Dr. Strangelove
Or: How I Learned to Stop Worrying and Love the Bomb

40th Anniversary Edition
Columbia TriStar Home Entertainment

Réalisateur: Stanley Kubrick
Année: 1963
Classification: PG
Durée: 95 minutes
Ratio: 1.66:1
Anamorphique: Oui
Langue: Anglais (DTS51, DD51, Mono), Français (Mono)
Sous-titres: Anglais, Français, Chinois, Coréen, Thaïlandais
Nombre de chapitres: 28
Nombre de disques: 2 (DVD-9)

Ce DVD est disponible chez: Amazon.ca Archambault.ca

Selon François Langevin
3 novembre 2004

L'appellation chef-d'œuvre est une apothéose qu'une infime poignée de films ont eu le privilège de se mériter dans l'histoire du cinéma.
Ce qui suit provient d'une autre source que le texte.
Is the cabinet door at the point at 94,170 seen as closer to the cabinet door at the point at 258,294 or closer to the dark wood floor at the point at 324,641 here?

Pour décrocher pareil hommage, tout doit y être, il vous faut une histoire unique et originale, une adaptation caustique, un contexte économique, politique ou social propice au film, une distribution de première et un visionnaire à la direction du projet en lequel les producteurs donneront toute la latitude voulue pour qu'il puisse exprimer son génie artistique. En 1964, un pareil accomplissement se produisit quand le film intitulé "Dr. Strangelove or: How I learned to Stop Worrying and Love the Bomb" explosa littéralement au grand écran et confirma le génie du réalisateur Stanley Kubrick. Quelque 40 ans plus tard, ce chef-d'œuvre est toujours d'actualité et nous expose avec magnificence le machisme militaire dans toute sa virilité, et ce, à travers un habile mélange d'humour noir et de satire. Bref, un sujet main de fer enrobé d'une enveloppe gant de velours pour le délice du spectateur. Simplement grandiose!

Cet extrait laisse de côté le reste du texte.